It’s that time of year again, when a crack team of Elven ‘Volunteers’ are fired over The LEGO Company’s perimeter wall by way of the office catapult, tasked with uncovering the newest LEGO sets due to hit shelves next year.
We’ll report their finds for 2026 in the coming weeks, but we have one 2026 Technic set to share ahead of the main event today. This is the brand new LEGO Technic 42223 1966 Ford GT40 MKII Race Car!
Bringing one of America’s* greatest ever race cars into the Technic line-up, 42223 recreates the car that finished 1, 2, 3 at the 1966 Daytona 24 Hours, Sebring 12 Hours, and Le Mans 24 Hours sixty years ago, becoming an all-time legend in the process.
The new LEGO Technic 42223 Ford GT40 captures the exterior of the all-conquering ’66 MkII variant with a range of pieces appearing in new colours – including those gold wheels – plus an array of decently-authentic looking decals adding the side and centre stripes, roundels and seat details.
793 parts make up the new 42223 GT40 in all, with the set featuring the default working engine (a miniaturised V8), working steering, and the opening doors and engine cover expected as a minimum at this scale, and no more.
Except 42223 does have one unexpected variance from the mid-size Technic vehicles that have preceded it… An 18+ age and £65 / $75 price tag.

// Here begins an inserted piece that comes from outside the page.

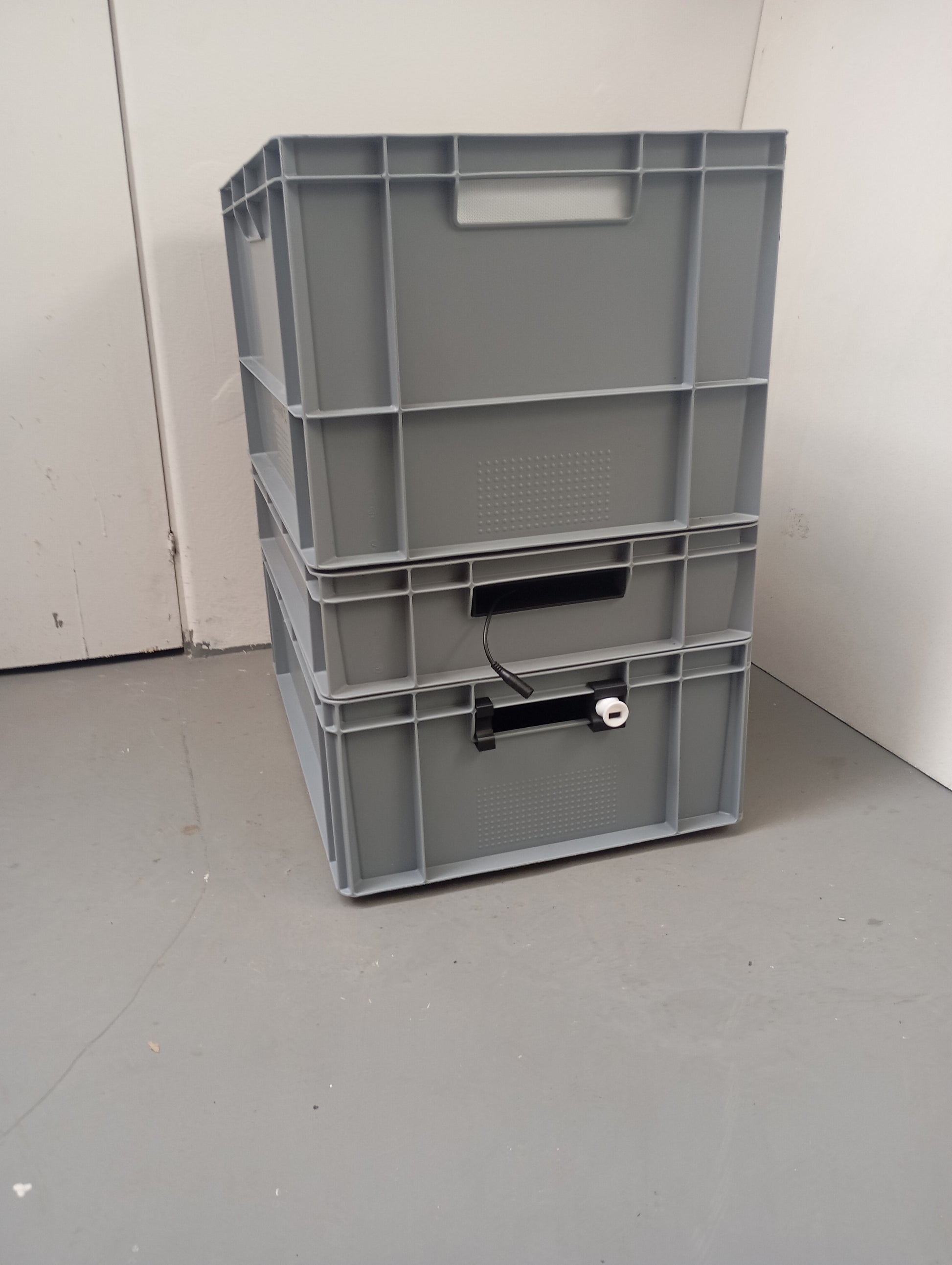 Eurogrowbox, Wasserbox, Pflanzenbox und Abstandsbox,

No, that isn’t a typo. Despite being constructed from under 800 pieces, and with no more working features than any other mid-size Technic vehicle, LEGO have somehow determined that 42223 requires a brain eighteen years or older to complete it, and thus it carries a price to match.

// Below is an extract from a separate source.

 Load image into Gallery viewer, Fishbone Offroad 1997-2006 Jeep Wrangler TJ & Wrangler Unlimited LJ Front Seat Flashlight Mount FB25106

Which is – and there’s no other way to put this – a marketing scam.
We’re admittedly idiots here at The Lego Car Blog, but we don’t like LEGO treating its customers as such. The brand new 42223 Ford GT40 MkII Race Car might bring one of greatest cars of the 1960s to the Technic range, but the cynical, unscrupulous, and exploitative marketing that accompanies it is definitely from 2026.
At £55 / $65 and an age of 12+, 42223 could have been a strong set. As it is, this GT40 should have stayed in ‘66.
*Except it was British. Ford are no strangers to marketing scams either…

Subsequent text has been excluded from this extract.